People do not make life and death decisions in a social vacuum. We are part of a much larger social system. Dawkins words merely supports existing ideology. That ideology works at multiple levels and that includes institutions like hospitals and health care offices. The normative ideology that Dawkins supports leads to the consent for oppression (in this case the termination for all fetus' that test positive for Down Syndrome). This in turn creates a belief system in which the termination of a any pregnancy in which a physical or cognitive disability is present is perceived to the only logical and moral choice. This has a a direct impact on individuals that leads to alienation of those few that are born or acquire a disability. The end result is that stigma, social isolation, economic deprivation, and a lack of social supports are the norm. People with a disability are marginalized others.  

Let me return to Dawkins. He ended his non apology with the following words: 

To conclude, what I was saying simply follows logically from the ordinary pro-choice stance that most us, I presume, espouse. My phraseology may have been tactlessly vulnerable to misunderstanding, but I can’t help feeling that at least half the problem lies in a wanton eagerness to misunderstand.

I do not possess a wanton eagerness to misunderstand.
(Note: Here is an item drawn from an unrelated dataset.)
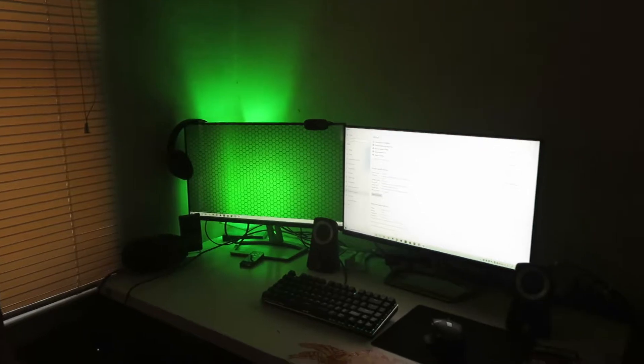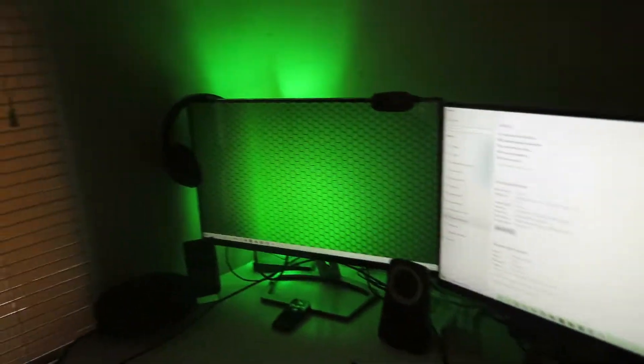Sorry, focus please. There we go. I have a little lamp — that's what the light's coming from. I don't have good cable management, so we're just not going to talk about that part, the whole ordeal.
Rather I have a wanton eagerness to shed light on what others, typical others, do not get when life involves living with an atypical body. I want to make sense of the stigma I encounter daily. I want to make sense of why people feel free to consider my body to be public property. I want to know why people are not bothered when I am harassed by those who work for the mass transportation industry. I want to know why people with a disability are unemployed in great numbers. I want to know why social supports for those with profound cognitive deficits or mental illness are substandard at best. The answer to these questions is not to be found in preventing people with a disability from existing.  The answer is all around us. It is questioning why others, atypical others, face prejudice every time they leave their home. The prejudice I encounter as do all people with a disability is called ableism. This is a word I hope Dawkins will take the time to look up for his apology is really a simple statement in support of ableist ideology that I oppose day in and a day out.